Recent research from the University of Chicago reveals that alternative splicing significantly influences gene expression regulation, rather than just contributing to protein diversity.

The research team, led by Yang Li, analyzed genomic data and found that cells produce three times as many unproductive transcripts—RNA molecules with errors—compared to steady-state RNA.

On average, about 15% of RNA transcripts are degraded by a cellular process known as nonsense-mediated decay (NMD), a figure that increases to 50% for genes with low expression levels.

Li's team highlighted the efficiency of NMD, suggesting it allows cells to produce erroneous transcripts without significant selective pressure to minimize mistakes.

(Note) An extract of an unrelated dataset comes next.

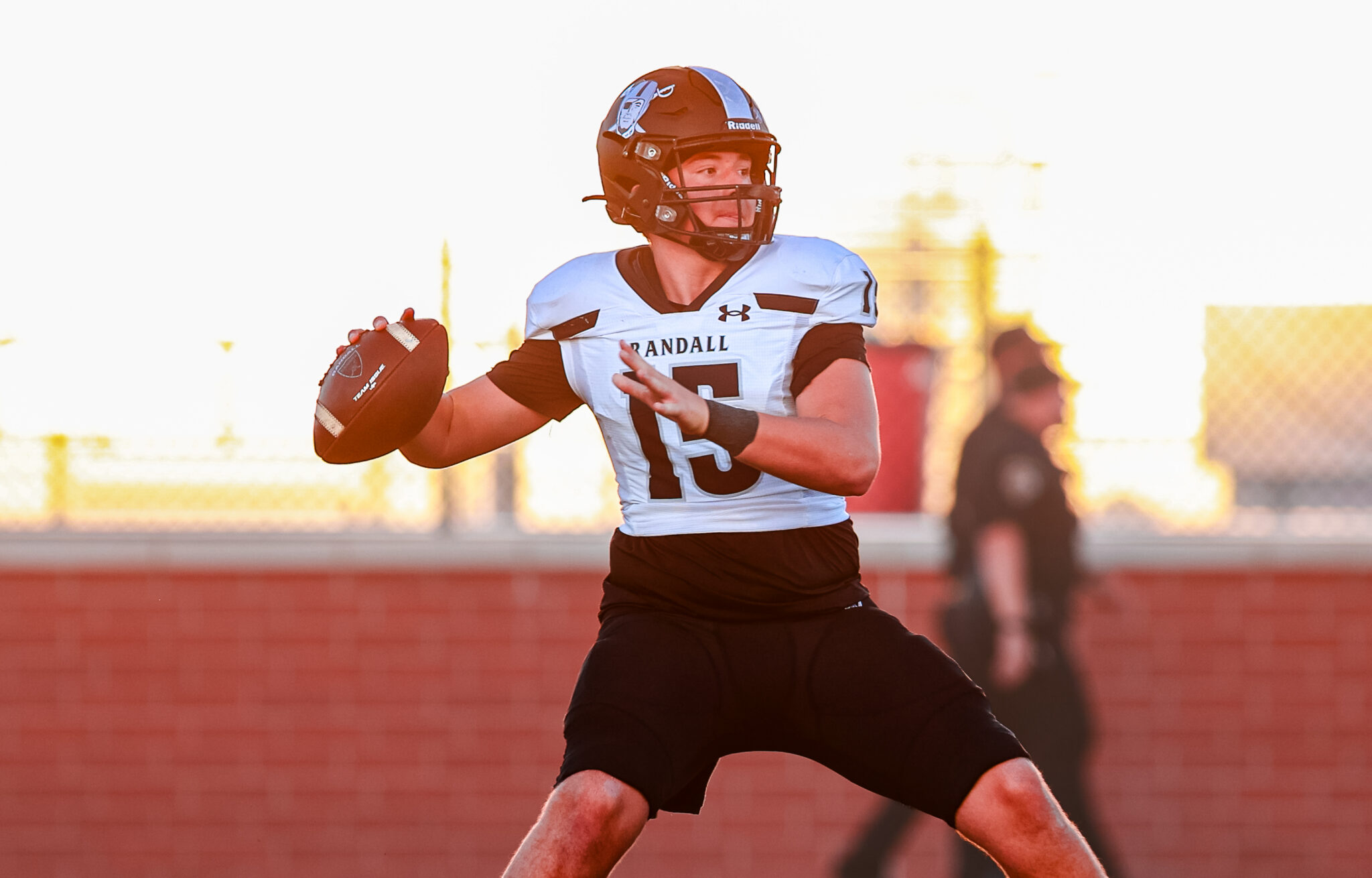 Hendrix Funk 02 | Press Pass Sports Football quarterback in white jersey (#13) holding ball, about to pass on a sunny sideline field.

Li posits that cells may intentionally select certain transcripts for degradation to reduce gene expression, effectively silencing specific genes.

The study involved a genome-wide association study (GWAS) that linked genetic variations affecting unproductive splicing to differences in gene expression levels, particularly in complex diseases.

These findings suggest potential avenues for new treatments that could manipulate the alternative splicing-NMD process to either enhance or reduce gene expression.

The findings, published in Nature Genetics, emphasize that alternative splicing may have broader biological impacts than previously understood.

Existing drugs for conditions like spinal muscular atrophy already utilize the principle of manipulating splicing to restore proteins that are being suppressed.

The research was funded by the National Institutes of Health and involved contributions from multiple authors affiliated with the University of Chicago and the University of California, Davis.

Li concluded that the most critical role of alternative splicing may be in regulating gene expression rather than solely generating protein complexity.

Potential therapies may involve designing drugs that reduce unproductive splicing to enhance gene expression or increasing NMD to lower expression in cases such as cancer.